Позднее, когда мы ближе узнали его, нам стали ясны и другие стороны его характера. Генерал Ноги между японцами, которых я знал, был в полном смысле слова джентльмен. Рыцарски вежливый, внимательный не только с внешней стороны, а совершенно искренно, он всегда был готов помочь и оказать нам содействие. Даже когда дела его армии ухудшились и он сам был убит горем — потерей единственного, [49] оставшегося в живых сына, убитого во время штурма высоты 203 м), он все-таки находил время подумать о нас и послать нам вина и вкусных фруктов из собственных садов. Он любил встречаться с нами и беседовать, интересуясь, в особенности, взглядами и мнениями англичан. Ноги не говорил по-английски, хотя немного понимал, ввиду чего беседы наши происходили при помощи переводчика. Обстоятельство это, конечно, в значительной степени мешало более интимному обмену мыслями, и я уверен, что никто так не сожалел об этом, как сам генерал. В один из очень холодных зимних дней, при сильном ветре, я встретил Ноги возвращающимся верхом из поездки для осмотра. Я поклонился ему и в первый раз он обратился ко мне по-английски со следующими словами:

«Сегодня... ветер... очень!»

«Да генерал», — ответил я, — «ветер очень», — и он уехал домой с довольным видом.

Обыкновенно начальнику штаба армии доверяют больше, чем самому главнокомандующему в отношении происшедших событий, и сознаюсь, что делал ту же самую ошибку относительно генерала Ноги. Начальник штаба генерал Идитти был чрезвычайно способный и выдающийся офицер, несомненно с блестящей будущностью. По службе он продвигался еще быстрее, чем его начальник, поэтому понятно, что среди иностранных корреспондентов он считался душой всего дела. В известной степени это справедливо, но генерал Ноги, конечно, проявлял собственную волю и вовсе не был марионеткой. В этом отношении я имею много доказательств. Офицеры его армии питали огромное уважение к его дарованиям и очень опасались его неодобрения.

После нашего свидания мы, сделав несколько миль, прибыли к высокому коническому пику Фенхоаншана, где стоял 30 июля Ноги, [50] пристально разглядывая форты Порт-Артура, после того как русские были оттеснены за их последнюю линию обороны, и в первый раз за эту кампанию он увидел перед собой знаменитую крепость. С этой самой высоты открывается превосходная панорама всего поля операций и здесь мы наблюдали события настоящего и последующих дней.

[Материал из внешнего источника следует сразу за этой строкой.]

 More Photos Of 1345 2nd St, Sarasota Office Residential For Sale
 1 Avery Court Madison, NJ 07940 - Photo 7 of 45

Планы генерала Ноги были основаны на предложении, что он располагал значительно большими силами, чем неприятель, и мог надеяться, что каждый твердо исполнит свой долг.

Он хотел вовлечь в бой неприятеля по всему фронту, заставить его разбросать свои войска на большом пространстве и тем затруднить сосредоточение значительных сил на каком-либо угрожаемом пункте. Он предполагал вести демонстративный бой на западном фланге, но хотел нанести решительный удар на центр восточного сектора, чтобы прорваться здесь и сразу двинуть сюда тысячи людей. Первые из них, конечно, погибли бы, но другие могли успешно пройти вперед. Эти, в свою очередь, могли погибнуть, но Ноги действительно располагал неисчерпаемыми резервами и решил воспользоваться ими широко. Мало по малу он овладевал бы местностью, а неприятель, имея мало резервов, должен был утомиться, сопротивление становилось бы все слабее, пока он не был бы опрокинут последней сильной атакой превосходных сил против изнуренных и деморализованных защитников. Раз он твердо основался бы на высоте Вантай, командующей над городом, можно было врезаться прочно клином между восточным и западным секторами крепости, отрезав неприятеля от базы и тогда они попали бы в его руки, как зрелые яблоки падают с дерева, без всякого сотрясения.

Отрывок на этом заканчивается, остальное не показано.